The essays have also spent time developing ideas around the mindset that deals with innovation and opportunity. We have looked at questions raised by Taleb in Fooled by Randomness, and by Kahneman in Thinking, Fast and Slow. We have worked through concepts by Moore, Johnson, Blank, and others, working to get at how innovation, the unknown, and the status quo work together, and at odds, as we develop our ideas about how innovation policy and practice might work, and what actually does happen, despite our expectations. For that, we worked through two essays on the history of warfarin, one of the flagship inventions that confirmed the university-agent invention management model. Our conclusion was that good things happen when exceptional instructors with a commitment to their students and their science have access to resources for development of their work over an extended period of time. This conclusion is rather different from the account of the linear model that says that basic research leads to applied, which leads to products and profits.
We have developed the theory of the bozonet, that professionals that lack a sound knowledge of their practice tend to rate their own skills much higher than they actually are and tend to form social networks that exclude threats that would ask for a higher standard and for a better self-assessment. I have argued that these are natural things, to be expected, but that innovation management deserves, if not exceptional skill and insight, at least a commitment to a frank admission of what we don’t know, and the limits of what we are able to do. If anything, such honesty is a proper groundwork for adopting freedom to innovate methods. I have pointed out, as well, how the growing problem of “bad science” is also a problem for university technology licensing, and demands a similar, well grounded honesty with regard to what is claimed as inventive and commercially valuable.

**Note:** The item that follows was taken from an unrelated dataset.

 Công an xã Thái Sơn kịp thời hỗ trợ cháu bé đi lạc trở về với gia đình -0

At least some of our problems with research stagnation can be traced to bad science, and to university ownership and licensing policies that tolerate hiding bad science behind IP and licensing claims to entitlement and profit-seeking.
We have taken on AUTM in its present instantiation. We have challenged its claims with regard to licensing success, we have shown how its licensing survey metrics suppress actionable metrics in favor of vanity metrics that are offered as a proxy for innovation but in reality only show a gross load of work taken on by a given office. We have called AUTM an inventor-loathing organization, and based on its published statements, we have also called it clueless. Most particularly, we have expressed our outrage that AUTM chooses to disparage rather than engage points of view that differ from the organization’s executive committee’s preferences. While AUTM may provide useful introductions into the world of university IP management, in its political lobbying, it has done the country a grave disservice by building a monoculture of IP practice that has no room for dissenting views, minority practice, or exploration at the margins. As far as I can tell, Research Enterprise is one of the few forums to express this dissent from the perspective of someone with substantial experience throughout the various elements of university innovation practice.

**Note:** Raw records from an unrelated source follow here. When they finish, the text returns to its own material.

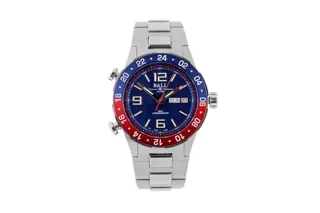 Ball Roadmaster Marine GMT DG3030B-SCJ-BE Ceramic and Titanium Blue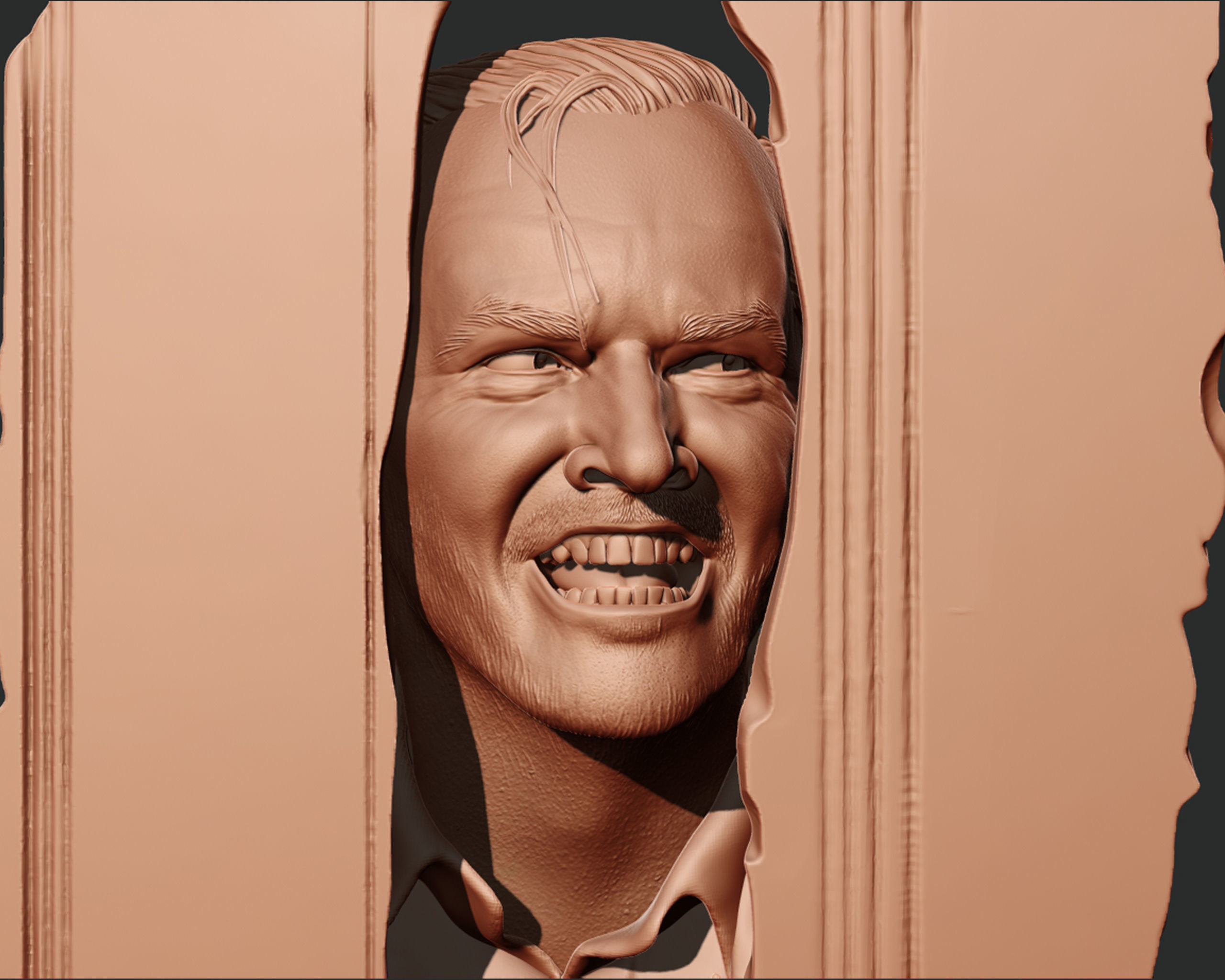 jack nicholson in The Shining 3D print model_12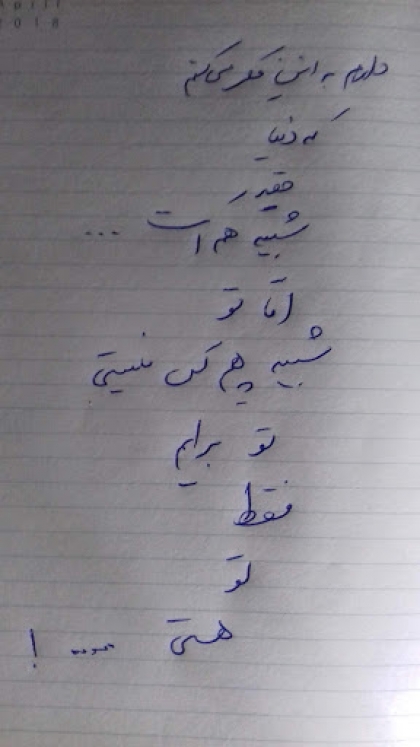 تحیّر چون مرغی بُوَد که از مأوای خود بشود به طلب چینه، و چینه نیابد و دیگربار راه مأوی نداند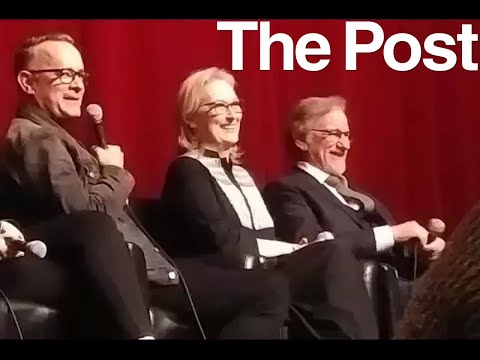 THE POST movie talk with Meryl Streep, Tom Hanks, Steven Spielberg & crew - November 27, 2017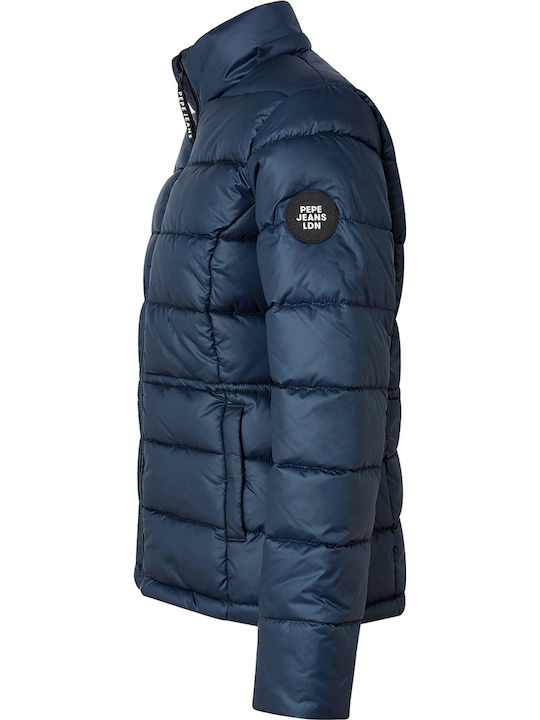 Camille Κοντό Γυναικείο Puffer Μπουφάν για Χειμώνα Navy Μπλε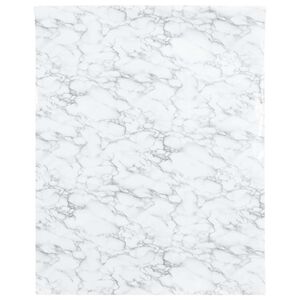 vidaXL Adesivo per Mobili Autoadesivo Bianco Marmoreo 90x500 cm in PVC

Research Enterprise has provided various drafts of IP policy statements and agreements, including an extended discussion of Frame Agreements as a general strategy. We have talked about how to change points of engagement in research collaboration, and we have discussed in the particular case of 3d printing how university patent policies and licensing practices have screwed over innovation in favor of profits and asserting authority.

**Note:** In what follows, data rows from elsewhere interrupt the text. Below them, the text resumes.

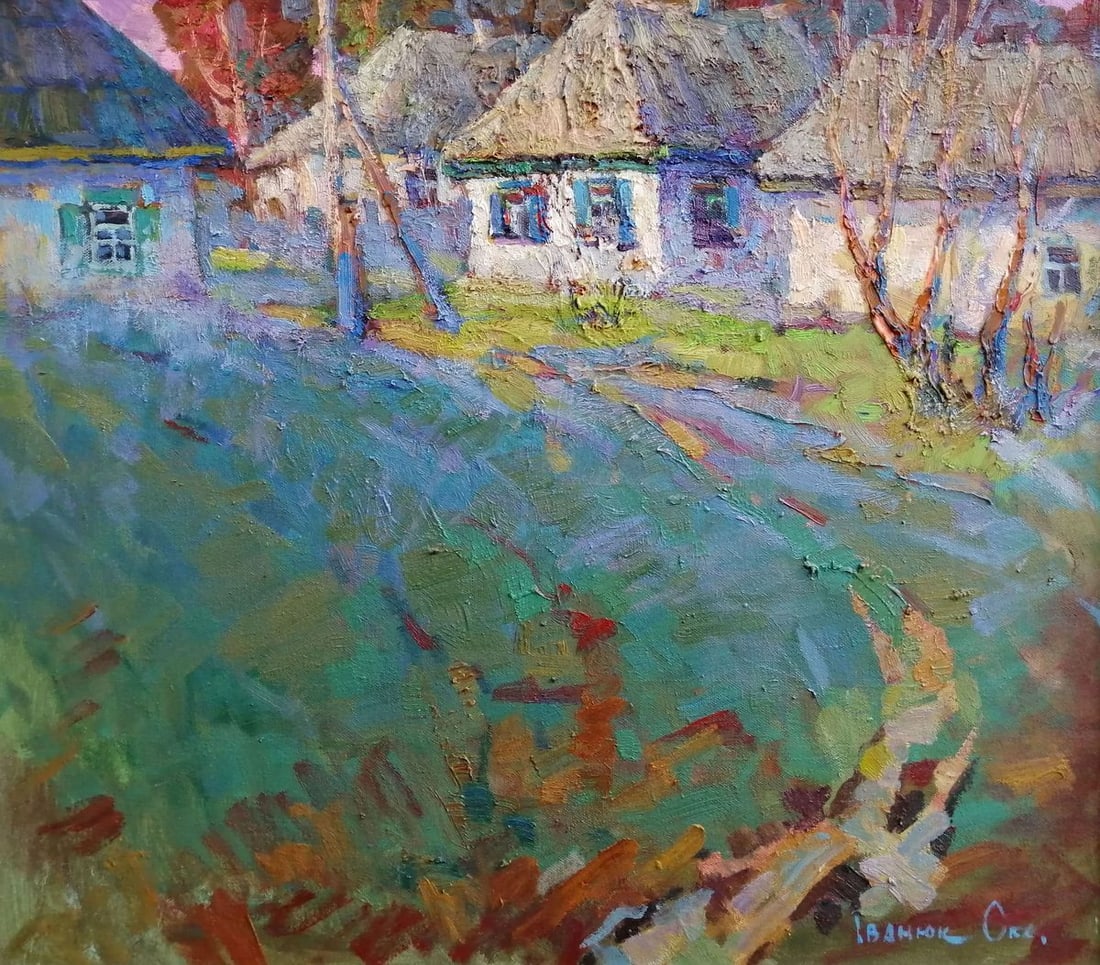Oil painting Warm summer day Kalenyuk Oksana: NoKalen 191 *** ABOUT THIS PAINTING *** * TITLE: "Warm summer day" * ARTISTS: Kalenyuk Oksana * SIZE: 80x70 cm/'31.49x27.55 inches' * MEDIUM: oil, canvas * HAND PAINTED: Original painting from our col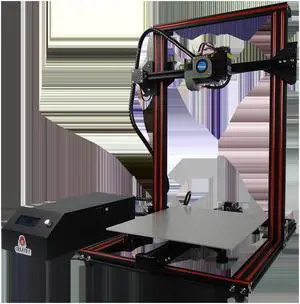 KR-10S ThorPro 3D Printer DIY Upgraded Kit 300x300x400mm Large Printing Size With Laser Components/One Nozzle Double Lead Screw/US Plu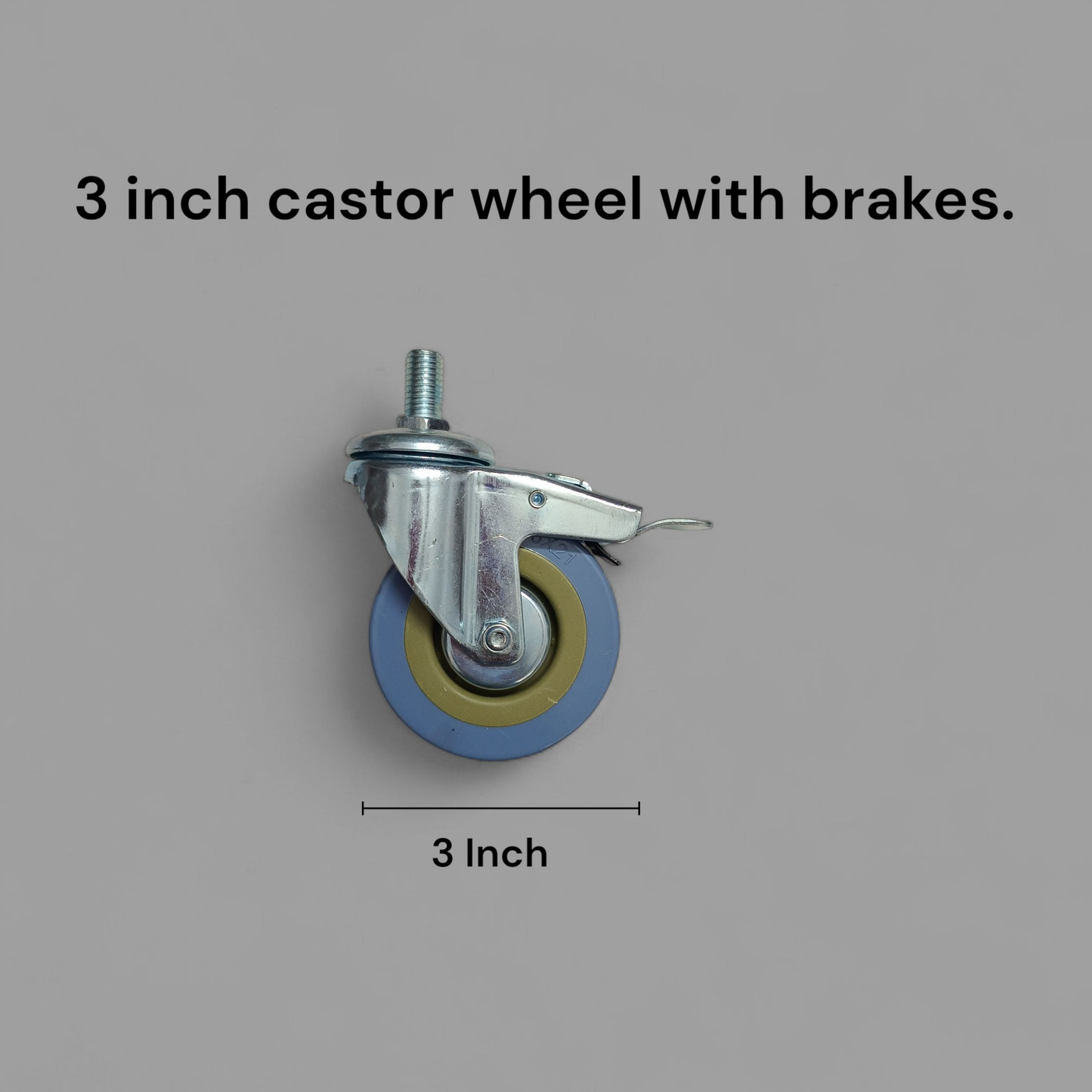 Commode Chair Caster Wheel 3 Inch With Brake / WIthout Brake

In all, we have poked and prodded at a wide range of issues pertaining to research innovation management. I aim to organize material into sections so it is easier to find and read. I also hope to build out new materials for those seeking to make a break from the present dominant IP capture practice and move to open models, to add diversity to their approaches, and to restore freedom to investigators and inventors to work with the agents of their choice in developing breakthrough networks for their own work, and for the work of others. There is still much to be done, and great opportunities to make a difference in the world. Innovation management, and research enterprise in general, has much to do with the outcomes. Creating innovation in innovation management runs against the best practices that university administrators can put forward. It is in the nature of innovation to be this way. And it is this way, in the ordered domain but on the edge of chaos, where we will find the innovations that are truly transforming, regardless of whether they make an institution or inventor rich by means of a patent license.